Much of the news media would have you believe the election of Donald Trump was nothing more than an expression of fed-up white nationalism. Just this week the folks at the Journal Gazette editorialized about the possible rebirth of fascism although, to be fair, they seem satisfied Western democracies aren't yearning for the days of Mussolini and Hitler. Yet.
But, let's face it, nowhere is the authoritarian impulse stronger than on the political left. From speech codes and "safe spaces" on college campuses to attacks on religious freedom fueled by Obamacare and progressive sexual politics, Americans are being told traditional concepts of liberty and plain old common sense must take a seat in the back of the societal bus to accommodate new standards of "fairness."
Take the city's plan to crack down on "chronic problem properties," for example.
First introduced in September, the ordinance was intended to give police and other officials a means by which to clean up problem-plagued addresses. A residential property would fall under ordinance if there were five or more valid complaints or citations within 60 days; commercial properties would be considered problematic after 12 or more complaints within 90 days. Owners who failed to take action within a year could face fines. Despite support from the police, the bill was withdrawn — in part because some feared the proposed crackdown on anti-social and even criminal behavior could somehow violate federal fair-housing laws.
And where would anyone get such a nutty (shall we say "fascistic?") idea? Not from Donald Trump.
About the time the bill was introduced, the U.S. Department of Housing and Urban Development issued a 13-page document suggesting such proposals could "violate the Fair Housing Act when they have an unjustified discriminatory affect, even when the local government had no intent to discriminate . . . Thus, where a policy or practice that restricts the availability of housing on the basis of nuisance conduct has a disparate impact on individuals of a particular protected class, the policy or practice is unlawful . . . if it is not necessary to serve a substantial, legitimate, nondiscriminatory interest of local government or if such interest could be served by another practice that has a less discriminatory effect."

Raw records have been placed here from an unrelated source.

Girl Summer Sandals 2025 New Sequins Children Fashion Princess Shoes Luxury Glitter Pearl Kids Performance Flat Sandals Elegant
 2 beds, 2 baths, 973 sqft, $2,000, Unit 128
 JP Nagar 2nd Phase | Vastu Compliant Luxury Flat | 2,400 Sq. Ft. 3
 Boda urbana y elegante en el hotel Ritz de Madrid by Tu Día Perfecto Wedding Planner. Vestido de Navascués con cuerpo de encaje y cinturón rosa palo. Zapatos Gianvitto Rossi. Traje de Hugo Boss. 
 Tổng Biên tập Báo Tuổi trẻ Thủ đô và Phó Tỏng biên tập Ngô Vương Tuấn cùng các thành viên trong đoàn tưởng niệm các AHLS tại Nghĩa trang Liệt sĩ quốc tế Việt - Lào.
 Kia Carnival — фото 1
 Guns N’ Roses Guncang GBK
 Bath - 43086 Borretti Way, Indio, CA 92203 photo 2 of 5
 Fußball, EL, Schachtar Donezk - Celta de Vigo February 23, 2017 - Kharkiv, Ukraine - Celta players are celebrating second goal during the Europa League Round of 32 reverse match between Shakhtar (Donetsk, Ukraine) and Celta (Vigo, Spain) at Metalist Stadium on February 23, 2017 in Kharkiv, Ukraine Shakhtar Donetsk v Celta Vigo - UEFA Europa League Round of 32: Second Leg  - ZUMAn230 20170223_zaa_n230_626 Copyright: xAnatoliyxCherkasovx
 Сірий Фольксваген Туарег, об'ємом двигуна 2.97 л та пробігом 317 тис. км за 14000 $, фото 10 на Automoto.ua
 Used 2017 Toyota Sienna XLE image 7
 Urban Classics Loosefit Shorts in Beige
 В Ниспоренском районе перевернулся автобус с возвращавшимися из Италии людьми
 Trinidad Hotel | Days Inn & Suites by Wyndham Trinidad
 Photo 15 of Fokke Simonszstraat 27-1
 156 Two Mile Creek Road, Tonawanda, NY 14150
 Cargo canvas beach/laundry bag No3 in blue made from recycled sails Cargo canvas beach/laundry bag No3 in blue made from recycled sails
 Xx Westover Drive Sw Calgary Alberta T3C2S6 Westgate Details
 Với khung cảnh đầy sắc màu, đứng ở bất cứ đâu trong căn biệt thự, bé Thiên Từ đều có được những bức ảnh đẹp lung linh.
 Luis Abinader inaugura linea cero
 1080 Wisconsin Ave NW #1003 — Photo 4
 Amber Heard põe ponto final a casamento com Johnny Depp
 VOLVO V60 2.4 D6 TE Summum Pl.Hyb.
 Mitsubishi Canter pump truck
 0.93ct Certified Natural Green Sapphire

Not being a lawyer or federal bureaucrat, I'm not sure what that means. But I suspect it boils down to this: The federal government is more eager to protect members of "protected classes" who cause problems and commit crimes than it is to protect members of those same classes who would be the most directly victimized by those problems and crimes.
Such concerns are the direct result of the modern redefinition of "discrimination." As HUD's letter states, intent need not be present; the mere fact that a policy affects some groups more than others — "disparate impact" — is enough to make the policy suspect in the eyes of the law, no matter how necessary its benefits or benign its motives.
In the real world, however, police must respond to complaints and events that may or may not comply with the statistical parities favored by federal bureaucrats. Ignoring obvious problems for the sake of social justice makes about as much sense as, well, obscuring the nature of terrorism to mollify Muslim sensibilities. It's always good to be skeptical of anyone who has a problem with reality.
To be sure, HUD' was not the only voice questioning the ordinance. The Indiana Apartment Association, for example, in September suggested the proposal would "inappropriately punish a property owner for items which may be out of their control." A valid point, but the city's longstanding drug-house ordinance already holds landlords accountable for illegal acts committed on their property. Are some groups "disparately affected" by that? Should anyone care?
The ordinance will be back on City Council's table Tuesday, including amendments that sunset the law after three years and prohibit discrimination by based on "race, creed, religion, sex, age or national origin." City spokesman John Perlich said the new version should also pass HUD scrutiny because it "clearly exempts victims, including victims of domestic violence, stalking, etc. and anyone else with mental/physical disabilities . . . It’s our belief that the mechanisms in place will not only protect a potential misclassification as a CPP, but also enhance police involvement and presence in the community."
Neighborhood leaders, meanwhile, are mobilizing support for the bill. I presume their stated motive — to "stop urban blight and loss of property value" — is an honorable one. But then, it doesn't really matter, does it?